Their relationships and aspirations, the things that stimulated them and which also overawed them: were all part of the life of that community.
He was not very interested in Annual Meetings, in motions and resolutions, audited accounts or rules of order. That was for organizations rather than families. They might be necessary in due course but must never take precedence over the life of the community of faith.
But then there was more. A community without a focus or aim would soon dissipate.
Now He was pouring Himself into the bread and the wine. It is interesting that John’s account places it after Judas Iscariot had left the Upper Room. But now Jesus was giving them something that really would remain down the centuries.
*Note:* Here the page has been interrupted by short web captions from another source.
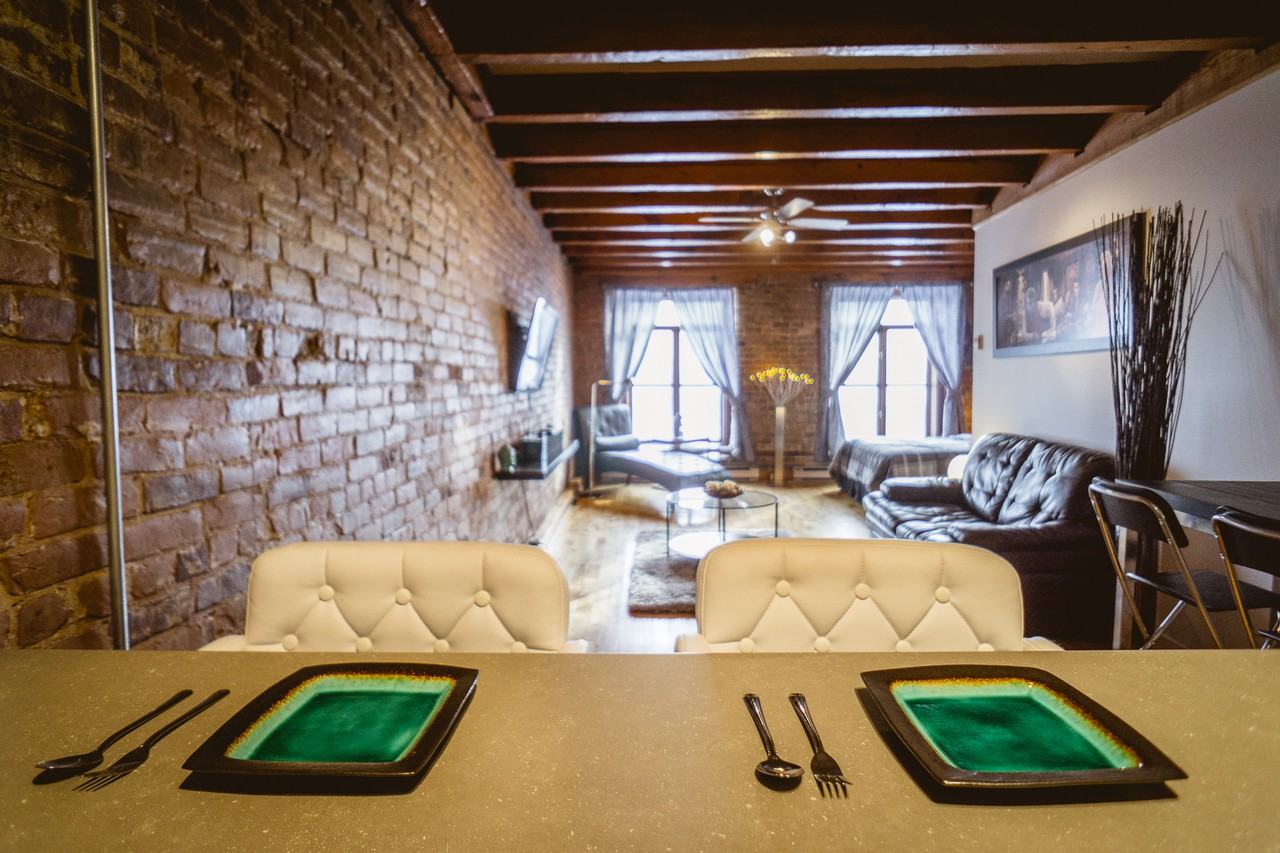250 Rue Saint-Paul Est #302 - Photo 2 of 8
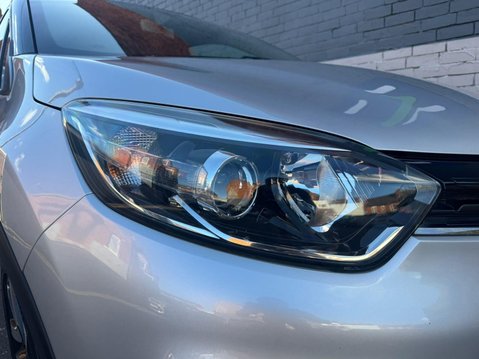 Renault Captur 0.9 TCe ENERGY Iconic Euro 6 (s/s) 5dr 42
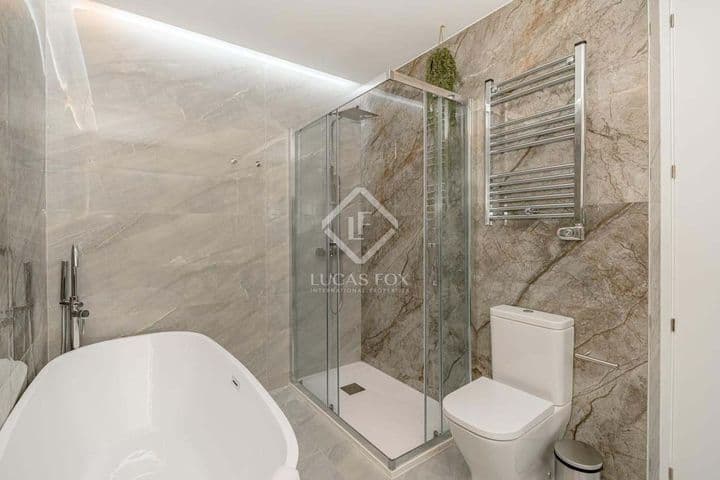 3 bedrooms apartment for rent in Madrid, Spain - Image 12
For whatever happened to Jesus – or to the disciples – the sharing of the bread and wine were a sharing in Jesus Himself. He would be there – not so much as a matter of liturgy but as a matter of His self-giving in real time.
The books and colleges of theology might help, but would never be a substitute. The lived and shared experiences of the community of faith would always be the hallmark of the life He had come to impart to them, and the quality of their love for one another would be the pointer to their faith in Him.
And so in the simplest way possible, Jesus was giving them the foundation for their lives together in prayer and worship, in which He would be central, but the disciples themselves would be the evidence for His salvation as they moved out into the city squares and the countryside, throughout the world.
‘Do this in Remembrance of Me’ would become a command to love one another, as they allowed His love to flow through them.